Avec Stream of Passion, on entre dans le dernier carré de l’affiche. Clairement, on passe à une catégorie supérieure. La formation néerlandaise créée par la talentueuse Marcela Bovio et le génialissime Arjen Anthony Lucassen n’en est pas à sa première participation au MFVF. Au contraire, on peut dire que ce sont des habitués. Comme à chaque prestation, Marcela et ses acolytes Johan van Stratum (basse), Jeffrey Revet (claviers), Eric Hazebroek et Stephan Schultz (guitares), sans oublier Martijn Peters aux fûts, donnent le meilleur d’eux-mêmes et suscitent en engouement certain dans le public maintenant nombreux. Le set commence par «Monster», la plage d’ouverture du dernier album du groupe («A War Of Our Own»). D’entrée de jeu, les rythmes très particuliers de la formation batave déferlent sur le public qui ne demande qu’à se laisser porter. À noter que Marcela Bovio est sans doute une des vocalistes les plus talentueuses du circuit et le public ne s’y trompe pas.
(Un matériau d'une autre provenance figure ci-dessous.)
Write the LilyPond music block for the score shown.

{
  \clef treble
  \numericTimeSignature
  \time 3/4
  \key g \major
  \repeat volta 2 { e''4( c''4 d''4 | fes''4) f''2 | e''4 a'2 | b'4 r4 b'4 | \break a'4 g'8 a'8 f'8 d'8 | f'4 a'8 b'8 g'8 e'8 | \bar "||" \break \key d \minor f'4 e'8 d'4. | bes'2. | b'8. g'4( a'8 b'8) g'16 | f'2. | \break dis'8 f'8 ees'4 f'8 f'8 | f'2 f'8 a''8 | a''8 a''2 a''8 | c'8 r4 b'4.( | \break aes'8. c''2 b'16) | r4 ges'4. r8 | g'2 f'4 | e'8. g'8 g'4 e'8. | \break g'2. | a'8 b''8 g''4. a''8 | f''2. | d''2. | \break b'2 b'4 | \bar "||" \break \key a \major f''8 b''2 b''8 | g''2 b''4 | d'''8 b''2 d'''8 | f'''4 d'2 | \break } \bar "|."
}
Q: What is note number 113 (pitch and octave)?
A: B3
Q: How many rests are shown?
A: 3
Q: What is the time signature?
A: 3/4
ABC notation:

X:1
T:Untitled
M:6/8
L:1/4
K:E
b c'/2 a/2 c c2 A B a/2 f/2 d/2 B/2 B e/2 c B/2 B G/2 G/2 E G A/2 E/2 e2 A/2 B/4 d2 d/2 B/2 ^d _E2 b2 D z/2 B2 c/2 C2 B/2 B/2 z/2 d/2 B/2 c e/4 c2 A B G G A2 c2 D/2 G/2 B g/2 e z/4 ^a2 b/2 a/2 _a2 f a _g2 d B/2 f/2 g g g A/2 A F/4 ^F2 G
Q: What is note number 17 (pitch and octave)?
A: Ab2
Pour ce set, le groupe a privilégié des morceaux de son dernier opus comme «A War Of Our Own», «Monster», le merveilleux «Don’t Let Go» et l’audacieux «Exile». Le groupe rend aussi hommage à Radiohead avec une superbe reprise de «Street Spirit». Les neufs morceaux de cette prestations passent bien trop vite et le groupe doit déjà quitter la scène en nous laissant avec l’envie d’en entendre toujours plus.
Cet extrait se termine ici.